Sexton School
by: chicago designslinger
[James A. Sexton Public School (1882) Chicago, IL. /Images & Artwork: chicago designslinger]
In 1882, the Chicago Board of Education needed a high school on the north side of the city to accommodate the city’s expanding student population, and this was the result. One of Chicago’s first high schools, this beautiful Victorian Italianate structure is also one of the oldest public schools still standing in the city, and the first in a line of remarkable school buildings constructed by the Board over the next 40 years.
[Sexton Grammar School, 160 W. Wendell Street, Chicago /Image & Artwork: chicago designslinger]
Originally known as the North Division High School, the name was changed in the late 1890s to the James A. Sexton High School. Sexton was born in Chicago in 1844 and enlisted in the Union Army at the beginning of the Civil War when he was just 17 years old. He was a Colonel by 21 and was almost always addressed as Colonel Sexton rather than Mister, until the day he died. After the war ended Col. Sexton eventually made his way back to Chicago where he opened a stove manufacturing business which made him a man of means and politically well connected. He was appointed Postmaster of Chicago by U.S. President Benjamin Harrison, and served for 5 years. Continuing his association with all things military, he became Commander-in-Chief of the Grand Army of the Republic. The GAR was the largest veterans organization in the U.S. at the time, made up of men who had served in the Union Army during the War Between the States. The Colonel happened to be in Washington D.C. when he died in 1899, and his body was brought back to his La Salle Street home, located around the corner from the school.
[Ruben Salazar Bilingual Center /Image & Artwork: chicago designslinger]

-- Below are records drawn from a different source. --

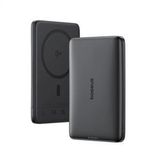 Baseus PicoGo AM41 Ultra-Slim Qi2 Magsafe 10000 mAh 27 W Siyah Powerbank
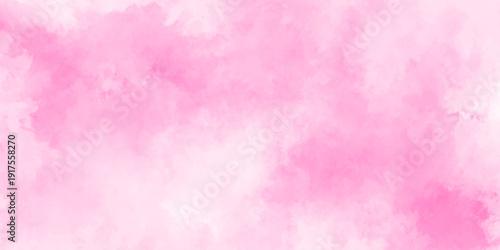 Stain artistic hand painted texture of pink, purple pastel hand paint watercolor of pink texture. pink watercolor texture. bright and shiny lovely soft texture. watercolor background concept, vector.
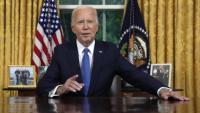 Biden anuncia apoyo de 8.000 millones de dólares a Ucrania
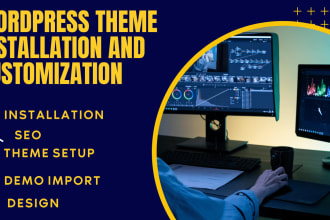 themeforest wordpress theme installation and customization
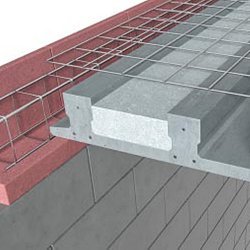 Konbet - a compressed filigree ceiling system Konbet S-Panel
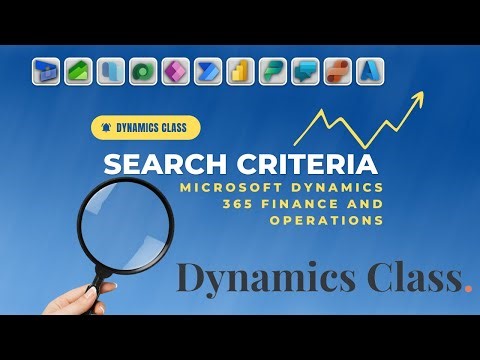 Search criteria [Item/Customer Search] in Microsoft Dynamics 365 Finance and Operations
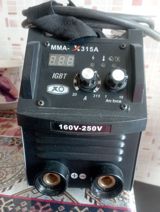 MMA-315A Igbt inverter tipli qaynaq aparatı - Giriş gərginliyi — Qaynaq avadanlığı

By 1900 Chicago had annexed itself into a much larger city and in the process acquiredseveral large high schools while its grammar school aged population was exploding. So the Board of Education spent $15,000 for upgrades on Sexton High and it became a grammar school. Unfortunately in the winter of 1901 the building was closed by the principal when the school ran out of coal to fire the boiler which provided heat for the classrooms. The local coal yard owners were owed money by the Board and they weren’t willing to deliver their heat source until the past due bills were paid. The issues of school funding, or lack thereof, seems to have been a problem even back then!
Ninety-two year later, the building was renamed the Ruben Salazar Bilingual Grammar School and Center. Salazar had been created in the early 70s to help children whose primary language was not English and the Center moved into this building in 1993. Salazar was a reporter for the Los Angeles Times and was hit by a police gas cannister and killed in 1970 during a National Chicano Moratorium March protesting U.S. involvement in the Vietnam War. The organization was formed and named in his memory.

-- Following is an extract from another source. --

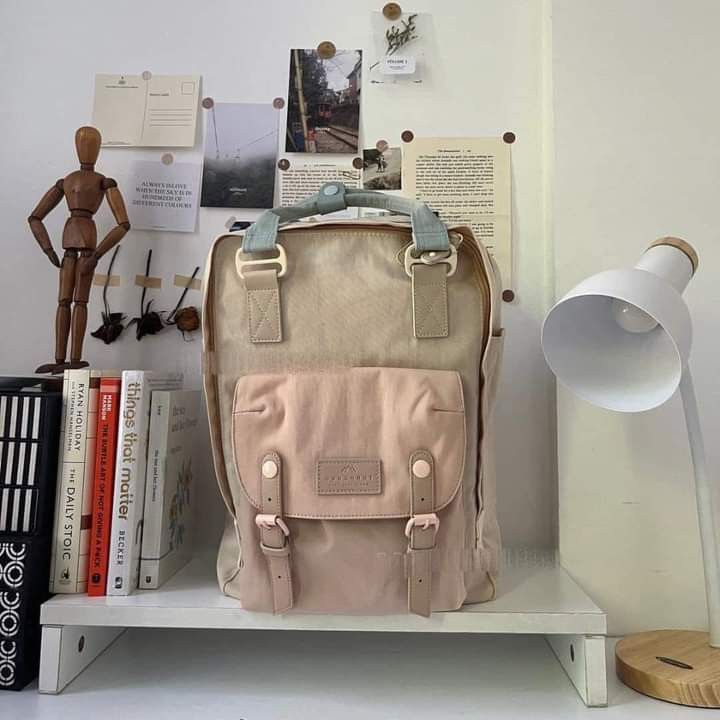 DOUGHNUT MACAROON MONET SERIES 16L BACKPACK Women s Fashion Bags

It’s pretty remarkable that a 128-year-old school building has survived the ravagesof time, the wear and tear of thousands of children, and can still look so good. The sturcture was rehabilitated in the late 1990s, and it’s a testament to the commitment of the Board of Education that the rehab was done with a sensitivity to the historic nature of the building. One of the best examples is in the windows. Instead of bricking in the openings and putting in smaller standard issue replacements which had been done in other older schools in years past, the new windows were built to modern specs within the old framework. Col. Sexton would have no problem recognizing the place.